◆ **EXERCISE DESCRIPTION**
Reprint all of the data below exactly as shown and skip every image.

- - -

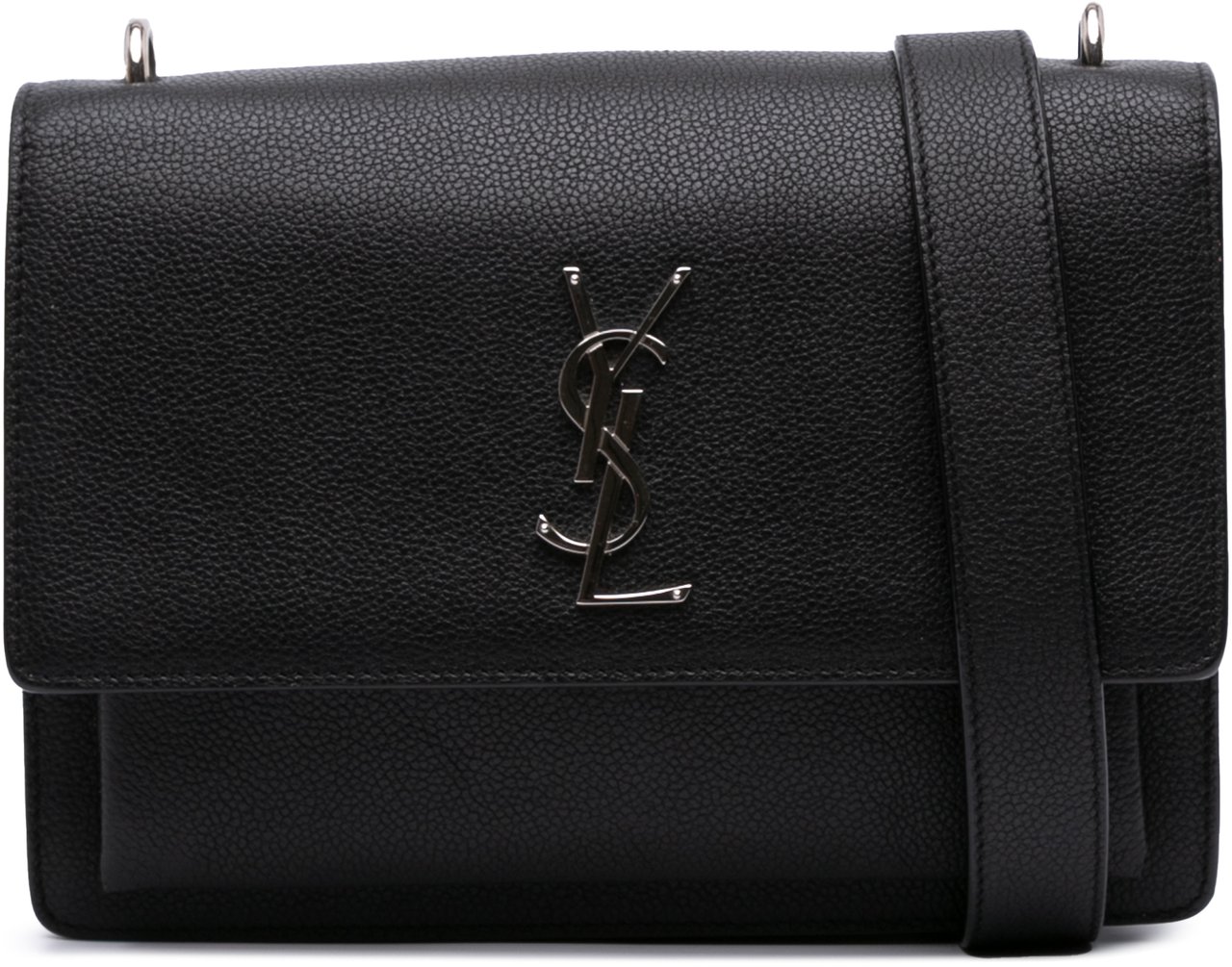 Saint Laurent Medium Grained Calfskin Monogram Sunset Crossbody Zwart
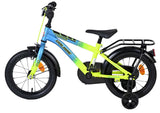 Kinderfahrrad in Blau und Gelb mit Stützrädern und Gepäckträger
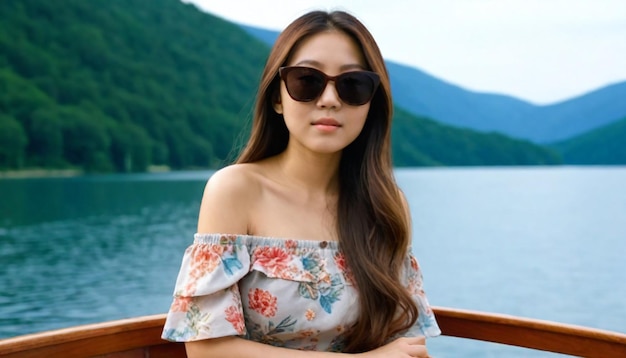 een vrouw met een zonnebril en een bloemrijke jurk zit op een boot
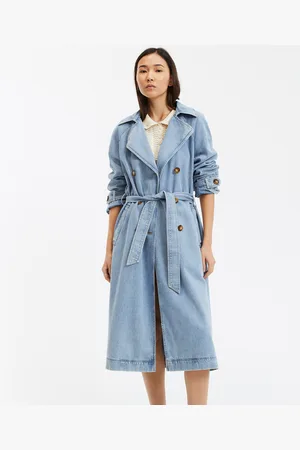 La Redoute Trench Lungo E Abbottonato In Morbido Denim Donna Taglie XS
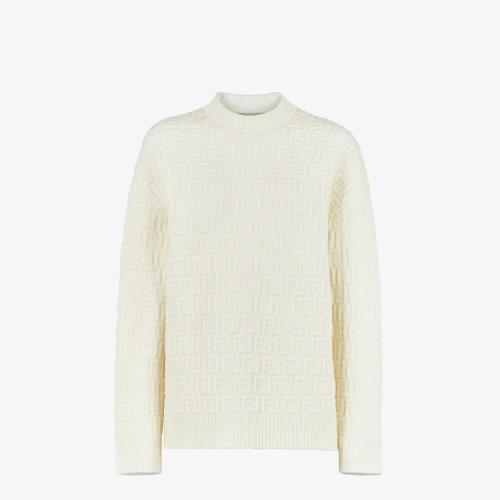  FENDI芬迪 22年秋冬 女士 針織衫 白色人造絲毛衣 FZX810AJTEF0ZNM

- - -

◆ **TASK RESULT**
 Saint Laurent Medium Grained Calfskin Monogram Sunset Crossbody Zwart
 Kinderfahrrad in Blau und Gelb mit Stützrädern und Gepäckträger
 een vrouw met een zonnebril en een bloemrijke jurk zit op een boot
 La Redoute Trench Lungo E Abbottonato In Morbido Denim Donna Taglie XS
  FENDI芬迪 22年秋冬 女士 針織衫 白色人造絲毛衣 FZX810AJTEF0ZNM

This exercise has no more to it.